Le résultat est que votre ministère perd de sa capacité à agir d’une façon ordonnée et sur le long terme, parce qu’il sacrifie ses hommes, leur intelligence, leur énergie et leur dévouement, au profit des apparences de la puissance et des coups médiatiques.

En réalité, on brade l’action culturelle, on asphyxie l’Agence pour l’enseignement français à l’étranger et l’on triche sur les chiffres de l’aide publique au développement. L’écart s’accroît entre les discours de la France sur la scène internationale et sa capacité à agir conformément aux engagements pris. Face à la mondialisation, la France a besoin d’une diplomatie solide, mise en œuvre par un ministère des affaires étrangères fort de toutes ses richesses humaines, celles de ses diplomates dont on peut louer le professionnalisme, et fort de moyens financiers dignes d’un membre permanent du Conseil de sécurité de l’ONU.

Or, après dix ans d’hémorragie, en hommes et en moyens, vos capacités d’action seront encore plus faibles en 2009 qu’en 2008. Il est vrai que, du fait de la centralisation du pouvoir entre les mains de l’hyper président, le Quai d’Orsay pilote de moins en moins la politique étrangère.

De ce fait, plus que les ruptures annoncées par le candidat pendant sa campagne, nous assistons à des renoncements. Le premier est celui de notre politique en Afrique. Je cite ce que proclamait M. Sarkozy le 7 février 2007 : « L’Amérique et la Chine ont déjà commencé la conquête de l’Afrique. Jusqu’à quand l’Europe attendra-t-elle pour construire l’Afrique de demain ?»

La politique africaine de la France est un bon révélateur de la valse-hésitation et des volte-face du Président de la République depuis son élection. Il avait parlé de « rupture » avec les pratiques d’autrefois, avec les réseaux, les amitiés douteuses, en bref avec la Françafrique. L’Afrique allait voir ce qu’elle allait voir !

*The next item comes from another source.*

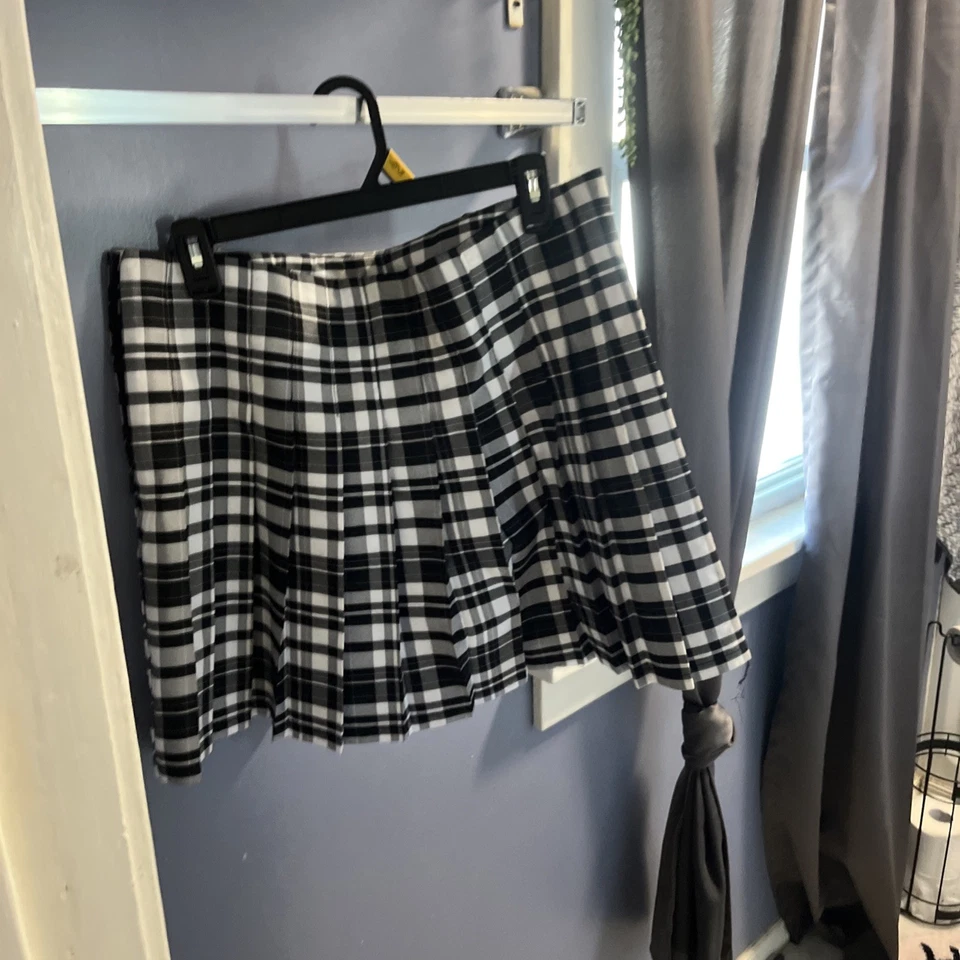 Plaid Pleated Mini Skirt Black/Gray, Punk/Goth, Size Xl - Image 4 of 4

Mais on a vite vu qu’il n’en était rien. Dès le soir de son élection, parmi les amis du Président de la République invités au Fouquet’s, on trouvait de puissants financiers bien implantés en Afrique, et qui ne sont pas forcément connus pour leur souci du développement. On a vu ensuite une politique dite « d’identité nationale » et plus certainement d’anti-immigration, notamment envers les populations venant d’Afrique.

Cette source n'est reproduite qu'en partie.